DATA EXTRACT:
Content starts
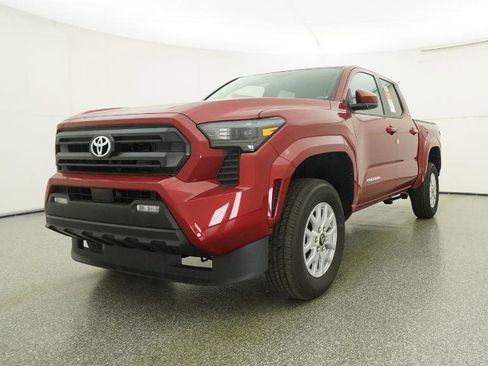 New 2026 Toyota Tacoma SR5 image 11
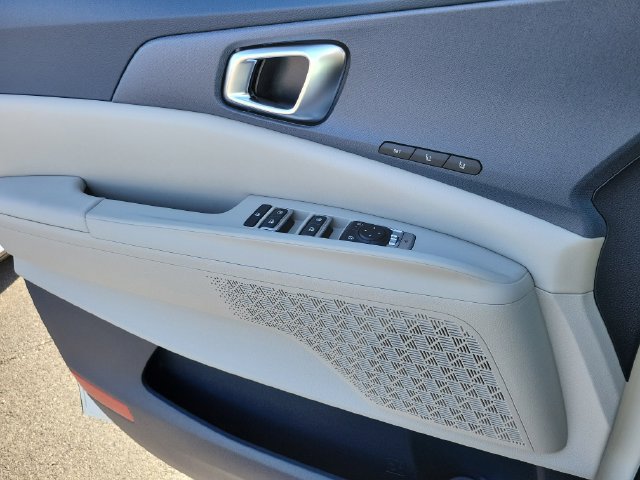New 2026 Kia Carnival EX FWD image 19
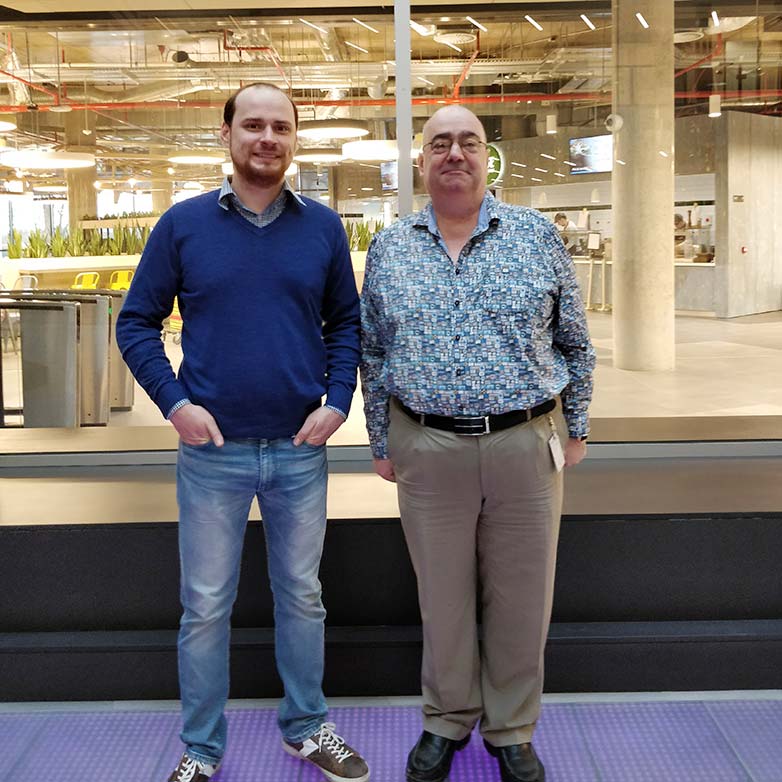 Team Functions Translator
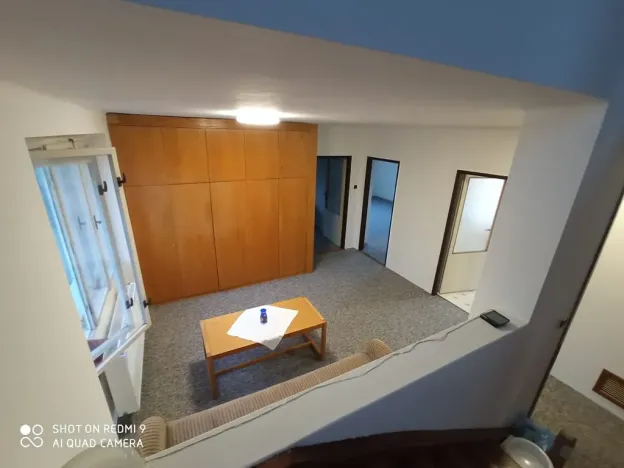 Pronájem rodinného domu, Příbram, Na Výsluní, 193 m2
Content ends
WHAT YOU WILL DO: Would you set down every line of the data above exactly, skipping the pictures?

WRITTEN RESPONSE:
 New 2026 Toyota Tacoma SR5 image 11
New 2026 Kia Carnival EX FWD image 19
 Team Functions Translator
 Pronájem rodinného domu, Příbram, Na Výsluní, 193 m2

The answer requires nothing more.